The weather was on the miserable side but fortunately it wasn’t icy underfoot, so the walk went without incident.
32 sat down to the lunch which included 3 guests from the Derby group and several old friends who no longer walk with us.
So a pleasant time was had by all.


The Ramblers
Friday 19 January







Having recently walked Brampton with an old map, it was time to do Newbold with the same.
A dozen walkers, a mixture of Ramblers and Walking for Health, set off on a bright morning to follow some of the old footpaths and remind ourselves of features from previous times and how the area has developed over the last century.


Deceptively sunny and unfortunately some treacherous black ice resulted in only three completing the full course.
It can perhaps be repeated on a better day.





    1898 local map




Our disappearing urban rights of way (data from rowmaps and routino)


The Ramblers
Wednesday 17 January

Sue writes ;

A day of sunshine and hail showers for the longer car walkers today.
From Rivelin Mill Bridge, six hardy souls trekked through several inches of lying snow to Wyming Brook via Rivelin Edge and Redmires conduit.
The original plan was to head across the moors from Redmires Reservoirs, but the further we went, the deeper the snow got – so we decided drop down Wyming Brook Drive to Rivelin Dams instead, before returning via a very wet and muddy path through the woods to our starting point.
Just under 8 miles with over 1000ft of ascent.


A short taste of the 190 mile Peak District Boundary Walk.
Millthorpe to the Robin Hood pub for a dozen bus walkers, led by David.
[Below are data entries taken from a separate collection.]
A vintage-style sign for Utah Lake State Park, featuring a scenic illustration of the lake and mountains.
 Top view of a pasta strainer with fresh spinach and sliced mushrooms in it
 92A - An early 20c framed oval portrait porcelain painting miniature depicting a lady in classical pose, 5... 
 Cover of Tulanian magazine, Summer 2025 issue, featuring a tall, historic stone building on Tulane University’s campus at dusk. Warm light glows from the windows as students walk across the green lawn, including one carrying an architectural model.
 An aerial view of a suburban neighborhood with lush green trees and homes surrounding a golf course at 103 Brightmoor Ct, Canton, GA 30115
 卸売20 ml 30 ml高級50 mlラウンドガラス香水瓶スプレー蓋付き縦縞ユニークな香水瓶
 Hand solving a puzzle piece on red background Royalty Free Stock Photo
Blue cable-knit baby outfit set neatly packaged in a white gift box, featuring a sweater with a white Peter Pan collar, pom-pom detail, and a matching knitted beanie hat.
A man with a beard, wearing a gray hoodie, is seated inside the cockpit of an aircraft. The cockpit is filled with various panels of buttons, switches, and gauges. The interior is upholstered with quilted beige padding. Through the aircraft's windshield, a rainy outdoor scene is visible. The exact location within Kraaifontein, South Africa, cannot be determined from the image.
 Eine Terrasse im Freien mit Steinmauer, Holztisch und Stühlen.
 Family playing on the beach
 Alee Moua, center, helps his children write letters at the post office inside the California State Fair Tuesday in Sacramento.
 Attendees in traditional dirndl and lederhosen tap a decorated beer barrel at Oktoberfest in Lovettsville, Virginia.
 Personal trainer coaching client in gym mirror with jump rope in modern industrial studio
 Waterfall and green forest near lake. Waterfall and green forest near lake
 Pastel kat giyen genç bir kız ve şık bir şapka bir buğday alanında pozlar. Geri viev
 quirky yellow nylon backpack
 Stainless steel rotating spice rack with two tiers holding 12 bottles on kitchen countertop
Part of Section 11 from Millthorpe to Beeley.
Rapidly thawing snow made for difficult conditions at low level with footpaths turned into streams, but a bit higher up the snow made for some good walking.
With deteriorating weather conditions the group quit at lunchtime while they were ahead, and caught the Hulleys bus back to Chesterfield.

Fox Lane, near Shillito Wood


The full Section 11 on a better day

Today’s walk


The Ramblers
Saturday 13 January


Company for the Killamarsh statues


The Ramblers
Wednesday 10 January


Overnight rain fortunately cleared for Ann’s Holymoorside circular.
A dry, mild day, with a touch of sun in the afternoon.
18 followed an 11 mile clockwise route from Holymoorside Village Hall via Harper Hill, Stone Edge, Wadshelf, and Frith Hall.
A fair amount of mud resulted in relatively slow progress, but it is January after all.

The Ramblers
Friday 5 January



The last of our seven contributions to the Ramblers’ ‘Winter Walks Festival’ repeated one of the Chesterfield Walking Festival routes of last May.
A group of 12, armed with an old map, ventured into deepest Brampton to discover what remains of its industrial heritage.
The 4.5 mile circular route from Chesterfield Town Hall was again led by David.
A pity about the constant morning rain and the muddy conditions, even within an urban area.
Now we know why the Chesterfield Walking Festival is in May.



1898 local map


The 1898 map will again be dragged out on Friday 19 January for the venture into the past of Chesterfield’s northern suburbs.